I've got 2 massive things to announce today that have been a long time in the works and by pure coincidence, have aligned such that I can share them together here today. One you would have been waiting for and one totally out of left field. Both these announcements are being made at a time where Pwned Passwords is seeing unprecedented growth:
That's significant because the sheer volume of requests greatly amplifies the effectiveness of the announcements below. So, keeping in mind this will all be leveraged nearly 1 billion times a month (and much more in the future), read on...
Pwned Passwords is Now Open Source via the .NET Foundation
Back in August I announced that I planned to open source the HIBP code base. I knew it wouldn't be easy, but I also knew it was the right thing to do for the longevity of the project. What I didn't know is how non-trivial it would be for all sorts of reasons you can imagine and a whole heap of others that aren't immediately obvious. One of the key reasons is that there's a heap of effort involved in picking something up that's run as a one-person pet project for years and moving it into the public domain. I had no idea how to manage an open source project, establish the licencing model, coordinate where the community invests effort, take contributions, redesign the release process and all sorts of other things I'm sure I haven't even thought of yet. This is where the .NET Foundation comes in.
After announcing the intention to go open source, my friend and executive director of the foundation Claire Novotny reached out and offered support, thus beginning a new conversation. I've known Claire for years previously as another Microsoft Regional Director and subsequently as a Microsoft employee and Project Manager on the .NET team. But the .NET Foundation isn't part of Microsoft, rather it's an independent 501(c) non-profit organisation:
The .NET Foundation is an independent, non-profit organisation established to support an innovative, commercially friendly, open-source ecosystem around the .NET platform.
There's a whole page dedicated to the advantages of leaning on the .NET Foundation but in short, they have the answers to all the questions I have no idea about and the dependency HIBP has on the Microsoft stack makes it a natural fit.

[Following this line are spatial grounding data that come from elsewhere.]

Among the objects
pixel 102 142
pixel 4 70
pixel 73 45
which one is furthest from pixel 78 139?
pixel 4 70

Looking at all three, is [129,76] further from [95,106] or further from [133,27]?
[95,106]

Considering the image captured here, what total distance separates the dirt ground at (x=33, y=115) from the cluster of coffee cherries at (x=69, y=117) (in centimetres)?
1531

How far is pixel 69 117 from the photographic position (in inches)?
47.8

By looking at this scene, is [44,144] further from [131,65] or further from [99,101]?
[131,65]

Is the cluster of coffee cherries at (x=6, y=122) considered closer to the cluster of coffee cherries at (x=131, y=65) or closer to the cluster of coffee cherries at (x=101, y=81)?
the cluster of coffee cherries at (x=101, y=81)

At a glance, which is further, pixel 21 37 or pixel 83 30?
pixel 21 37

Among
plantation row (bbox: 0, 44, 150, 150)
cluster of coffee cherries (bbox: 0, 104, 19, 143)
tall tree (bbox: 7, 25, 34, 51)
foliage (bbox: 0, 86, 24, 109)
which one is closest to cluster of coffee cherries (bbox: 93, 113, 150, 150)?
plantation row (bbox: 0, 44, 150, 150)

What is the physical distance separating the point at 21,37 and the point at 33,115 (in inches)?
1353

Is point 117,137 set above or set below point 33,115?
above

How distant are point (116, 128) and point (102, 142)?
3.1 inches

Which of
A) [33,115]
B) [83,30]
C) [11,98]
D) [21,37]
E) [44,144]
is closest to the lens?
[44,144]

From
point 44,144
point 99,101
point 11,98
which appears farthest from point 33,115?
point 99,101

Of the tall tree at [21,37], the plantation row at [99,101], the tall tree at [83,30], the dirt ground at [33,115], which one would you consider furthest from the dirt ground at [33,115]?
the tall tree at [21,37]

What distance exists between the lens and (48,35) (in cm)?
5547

That it's staffed by a bunch of people I've known and respected for many years and in turn, people that are already familiar with HIBP, makes it a natural fit.

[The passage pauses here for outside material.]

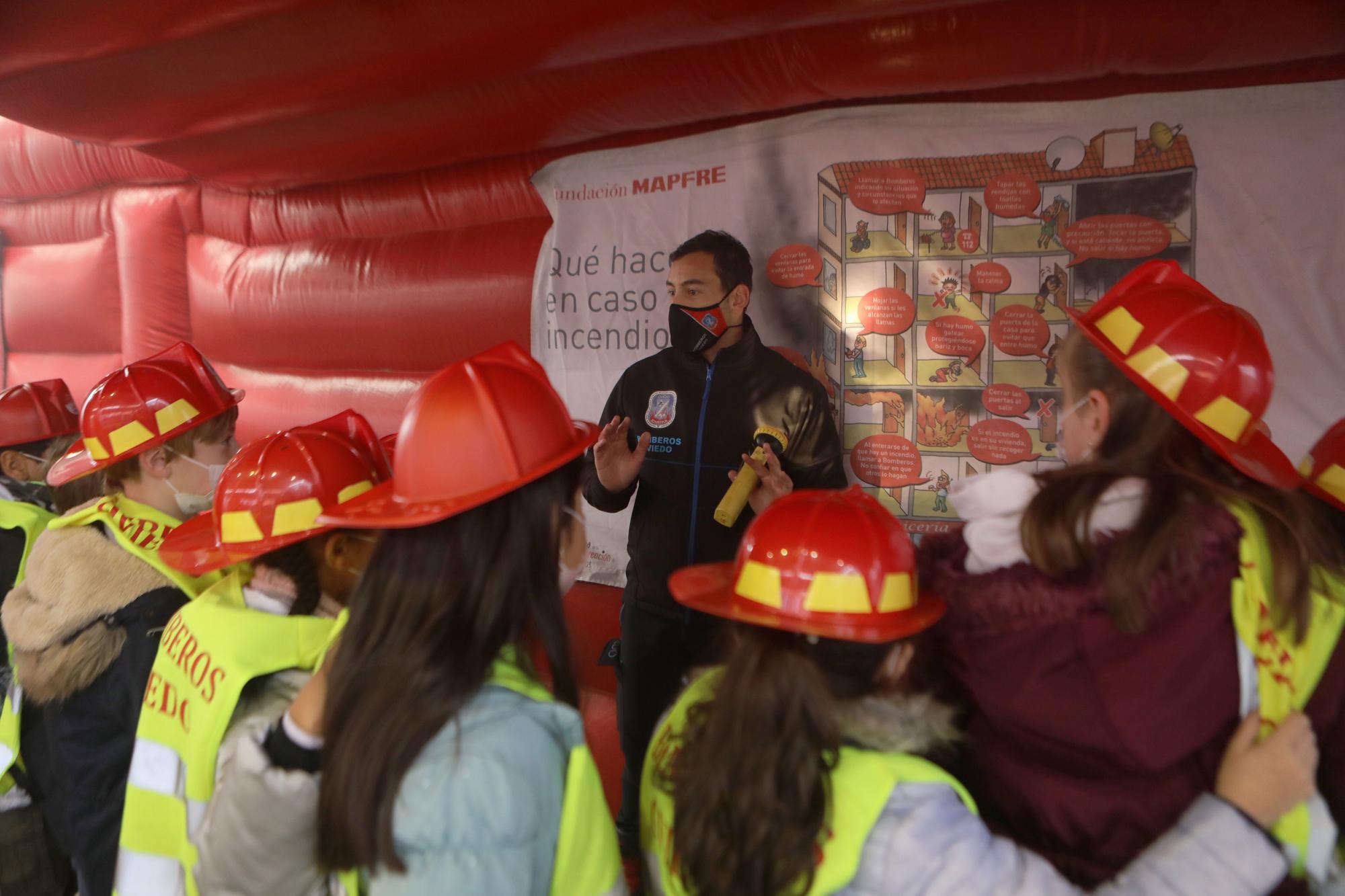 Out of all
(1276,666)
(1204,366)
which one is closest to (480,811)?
(1276,666)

Speaking of natural fits, Pwned Passwords is perfect for this model and that's why we're starting here. There are a number of reasons for this:
- It's a very simple code base consisting of Azure Storage, a single Azure Function and a Cloudflare worker.

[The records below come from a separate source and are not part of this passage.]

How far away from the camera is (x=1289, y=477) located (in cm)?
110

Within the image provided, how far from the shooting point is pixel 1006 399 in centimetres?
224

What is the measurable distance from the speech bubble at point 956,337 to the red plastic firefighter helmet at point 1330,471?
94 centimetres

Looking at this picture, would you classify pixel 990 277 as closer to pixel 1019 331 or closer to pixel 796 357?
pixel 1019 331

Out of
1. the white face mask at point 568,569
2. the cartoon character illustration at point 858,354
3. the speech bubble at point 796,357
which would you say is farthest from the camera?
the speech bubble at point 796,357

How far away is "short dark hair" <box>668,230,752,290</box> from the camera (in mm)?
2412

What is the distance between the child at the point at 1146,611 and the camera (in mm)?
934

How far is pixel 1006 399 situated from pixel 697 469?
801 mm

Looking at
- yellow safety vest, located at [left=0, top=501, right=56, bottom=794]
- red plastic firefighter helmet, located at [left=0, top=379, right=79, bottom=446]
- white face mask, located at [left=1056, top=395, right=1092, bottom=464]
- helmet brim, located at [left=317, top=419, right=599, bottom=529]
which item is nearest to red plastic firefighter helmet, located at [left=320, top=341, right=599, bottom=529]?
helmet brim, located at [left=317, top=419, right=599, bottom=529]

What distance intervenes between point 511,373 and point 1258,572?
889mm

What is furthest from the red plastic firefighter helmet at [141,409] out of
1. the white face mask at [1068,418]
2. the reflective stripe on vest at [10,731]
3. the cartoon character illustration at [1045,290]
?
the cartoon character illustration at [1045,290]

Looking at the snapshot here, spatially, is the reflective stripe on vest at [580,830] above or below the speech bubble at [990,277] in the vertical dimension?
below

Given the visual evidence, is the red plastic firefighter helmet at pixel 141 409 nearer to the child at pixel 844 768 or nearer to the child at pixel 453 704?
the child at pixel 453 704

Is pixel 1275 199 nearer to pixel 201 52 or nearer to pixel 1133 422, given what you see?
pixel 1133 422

- It has its own domain, Cloudflare account and Azure services so can easily be picked up and open sourced independently to the rest of HIBP.
- It's entirely non-commercial without any API costs or Enterprise services like other parts of HIBP (I want community efforts to remain in the community).
- The data that drives Pwned Passwords is already freely available in the public domain via the downloadable hash sets.
So, I can proverbially "lift and shift" Pwned Passwords into open source land in a pretty straightforward fashion which makes it the obvious place to start. It's also great timing because as I said earlier, it's now an important part of many online services and this move ensures that anybody can run their own Pwned Passwords instance if they so choose. My hope is that this encourages greater adoption of the service both due to the transparency that opening the code base brings with it and the confidence that people can always "roll their own" if they choose. Maybe they don't want the hosted API dependency, maybe they just want a fallback position should I ever meet an early demise in an unfortunate jet ski accident. This gives people choices.
That's the open sourcing covered, but what Pwned Passwords really needs to be successful is fresh passwords as they become compromised, and this is where the FBI comes in.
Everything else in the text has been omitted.